Volunteers were busy Saturday afternoon at the Welcome Center as hundreds of vehicles passed by to drop off unused, unwanted and expired medications.
The event was part of National Prescription Drug Take Back Day.
“This community has not ever accomplished a Drug Take Back Day,” Trudy Hughes, East Tennessee Foundation vice president for regional advancement, said. “Our local Tellico Community Foundation wanted to support that effort here in Tellico Village. So we connected with Align9, which is a multi-county drug recovery program. They connected us in turn with the (Prevention Alliance of Loudon County). It all came together. Lots of volunteers working together made this happen.”
The idea for the local Take Back Day came from the Tellico Community Foundation, which is under the East Tennessee Foundation umbrella. Warren Hunt, who conducts focus groups for TCF, led the charge.
“We’ve worked with the Prevention Alliance of Loudon County on another project, and we talked about what would be a good way to try to make our community here, particularly Tellico Village, more aware of the opioid crisis,” Hunt said. “It seems like something that doesn’t really touch us here, so we thought something like this would really be a service to the community but also bring home a little more the challenges in our area.”
The event fell in line with TCF’s mission, Joe Beyel, president, said.
“We focus in on four things — the opioid crisis, support for seniors, early childhood literacy and community enrichment across both counties,” he said. “So we’ve already made grants in those four categories, and we’ll continue to work through those four categories probably for the next couple of years and then reevaluate and look at should we continue doing this, what’s our impact and what’s our feedback? ... This event alone is both opioid and seniors.”

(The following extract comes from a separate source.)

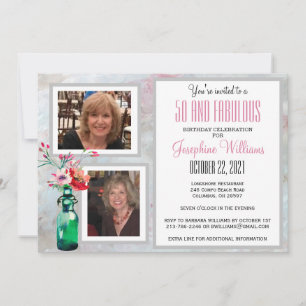Blommigten Femtio och Fabulous Party Photos Inbjudningar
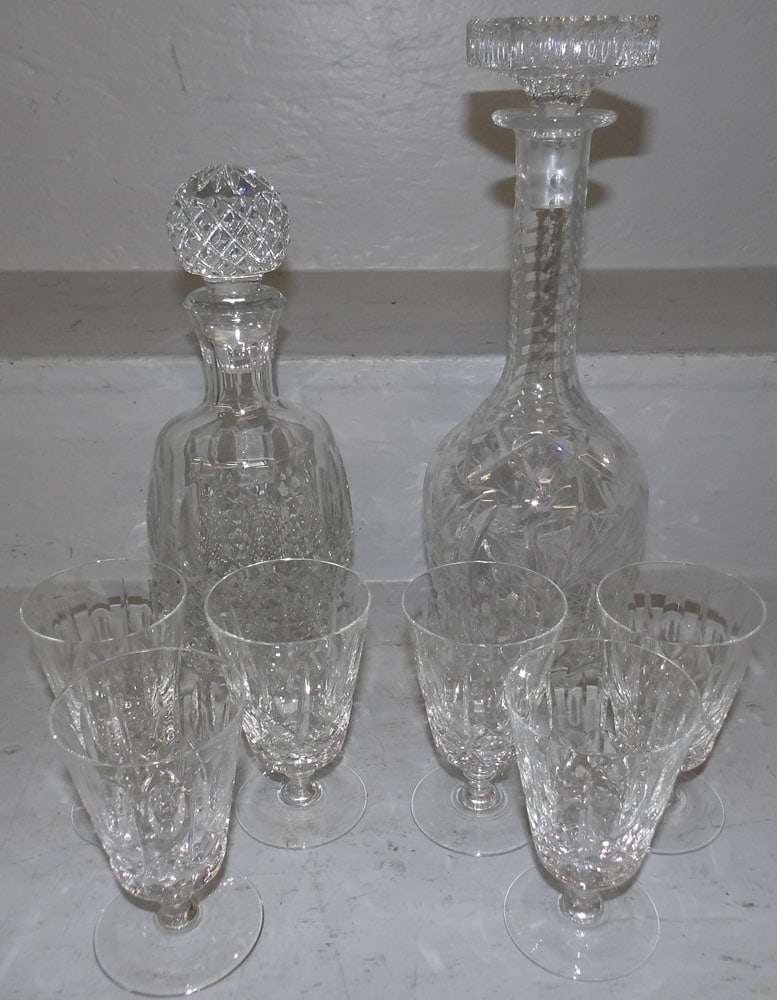 Lot of Cut Glass Decanters & Wine Glasses: Lot of Cut Glass Decanters & Wine Glasses. Up to 13" H "ALL DESCRIPTIONS AND ANY CONDITION STATEMENT GIVEN BY LANGSTON AUCTION GALLERY ARE STRICTLY OPINIONS AND LANGSTON'S SHALL HAVE NO RESPONSIBILITY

The purpose of Take Back Day is to limit access to prescription drugs, which are mostly likely to be taken by family members, Vicki Cowell, Prevention Alliance program coordinator, said.
“The relatives don’t even realize they’re gone because they don’t even use the medications,” Cowell said. “That creates an addiction problem and just leads to more problems with opioid-related deaths.”
TCF provided a $1,000 grant to the Prevention Alliance to put together the program.
Representatives from TCF, ETF, the Tellico Village Lions Club, Align9 and the Prevention Alliance sorted donated medications and deposited them in specialized containers. A deputy with the Loudon County Sheriff’s Office was also on site.
Used prescription pill bottles will be cleaned and have labels removed by the Lions Club and sent to an organization that repurposes the containers for Third World countries.
Saturday’s event was an enormous success for all agencies because 274 vehicles passed through, dropping off an estimated 200 pounds of drugs for collection. Beyel called the turnout “overwhelming,” having expected about 50 vehicles to show up.
“The DEA agents who were here were saying they’ve never seen so much stuff in one location at one time,” Hunt said. “They do this nationwide. So it’s been really overwhelming.”
Those who stopped by were asked to take part in a survey as they left, and the response from the community was also positive.
“The gratitude that they’re giving us on the way out, they’re so appreciative because many of them don’t know what to do with them,” Beyel said. “So we’ve told them if you don’t have this day there’s a station at the police department in Loudon city.”
Plans are to make the Take Back Day an annual event in the county.
“We’re just starting this year’s National Drug Take Back Day in Tellico Village, but hopefully next year we’ll be able to participate in Lenoir City and Loudon as well,” Charlene Hipsher, Align9 representative and executive secretary for 9th Judicial District Attorney General Russell Johnson, said.
Other good practices include locking medications in a safe place and counting them to be aware if any are missing.
Loudon drop off
For those unable to drop off medications Saturday, Loudon Police Department offers a safe way to dispose of prescription drugs all year.
A drop box is located in the front entrance of the police station, 100 Cedar St., Loudon, and is accessible 24 hours a day, seven days a week.
“I would say that it’s been extremely successful,” James “Bear” Webb, Loudon police chief, said. “When we first put it in we were doing some promotions to let folks know we had it. … We made some fliers to distribute at the pharmacies here in Loudon. … Whenever we first initiated it, it was being filled up quite frequently. Now it’s just steady because folks are aware of it.”
Webb agrees that leaving prescription drugs unmonitored and improperly stored can be a problem.
“You don’t want any type of prescription medicine to get into the wrong hands,” he said. “Whether its by accident or inadvertently or someone who makes a choice to break the law. We don’t want drugs prescribed for one person to get into the hands of someone else.
“Every little bit adds up,” he added. “Hopefully, we all work together to have a safer community is our ultimate goal.”